# Your goal:
Your task is to transcribe, word for word, the line containing "2000 SUZUKI Carry Truck" and all lines that follow it to the end of the entries. Leave out the pictures.

--- Data in this exercise Enclosed Below ---

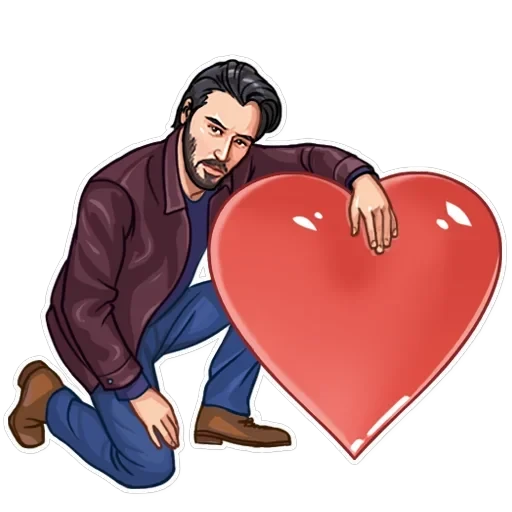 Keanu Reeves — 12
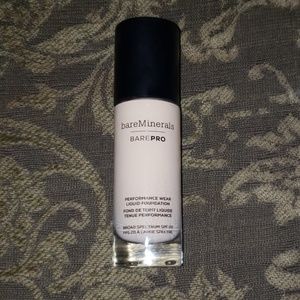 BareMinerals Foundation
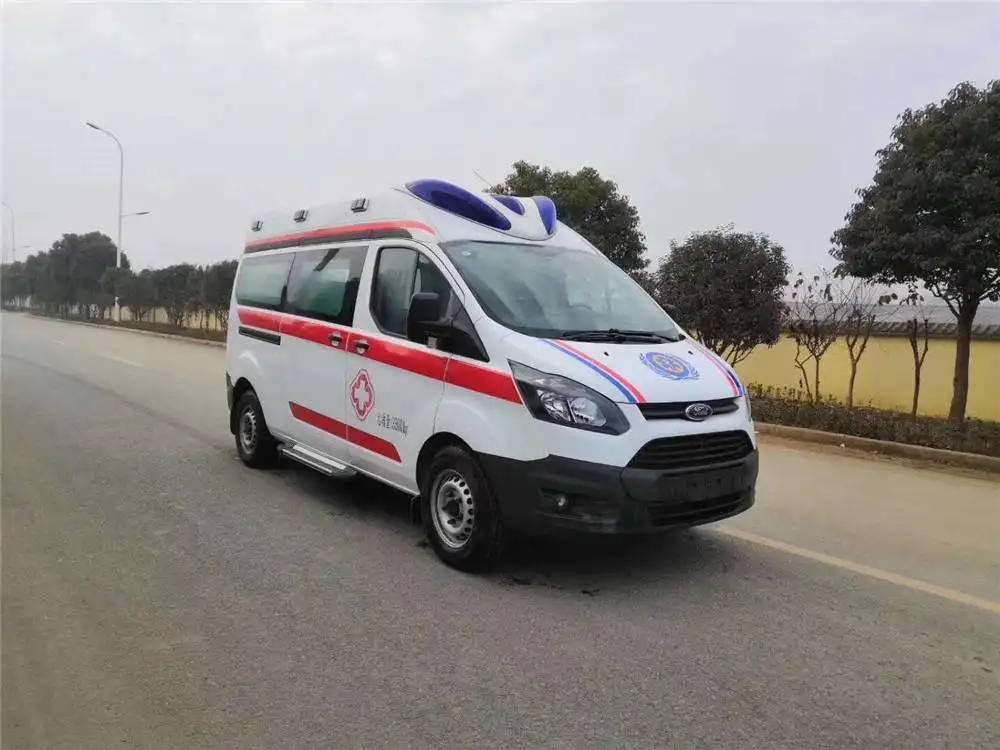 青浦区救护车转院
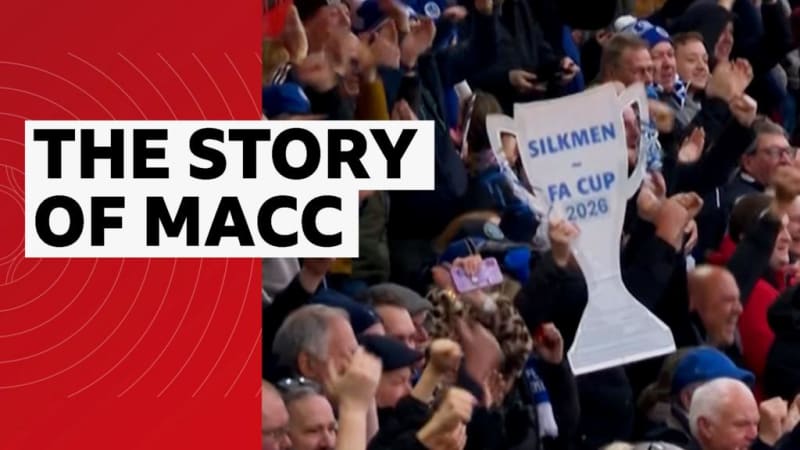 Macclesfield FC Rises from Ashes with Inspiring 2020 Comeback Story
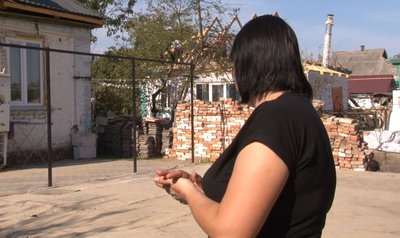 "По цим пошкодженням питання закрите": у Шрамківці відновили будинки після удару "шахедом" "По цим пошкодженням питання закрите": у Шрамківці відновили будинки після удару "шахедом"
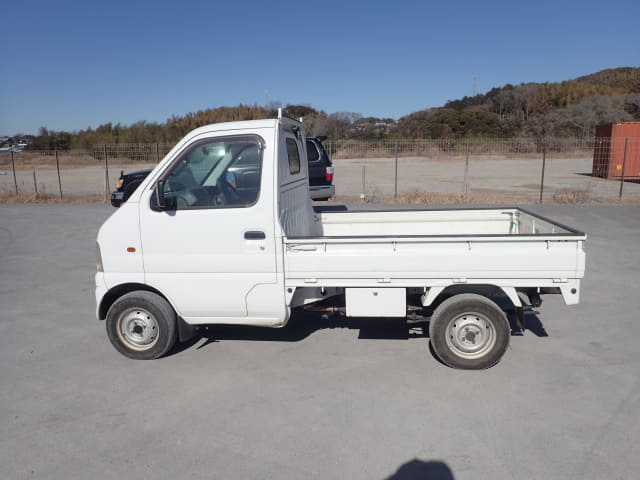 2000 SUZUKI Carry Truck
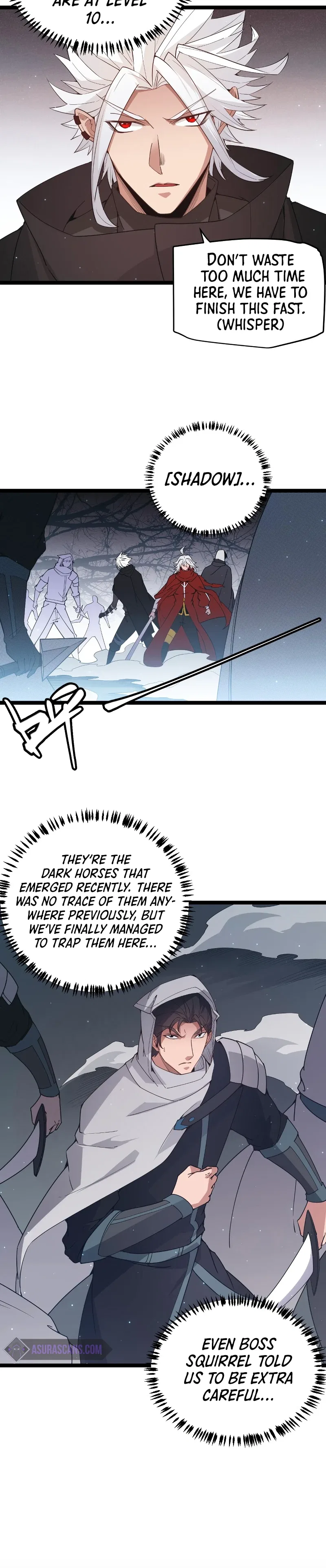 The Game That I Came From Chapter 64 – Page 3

--- End of Enclosed Data in this exercise ---

# Task answer:
 2000 SUZUKI Carry Truck
 The Game That I Came From Chapter 64 – Page 3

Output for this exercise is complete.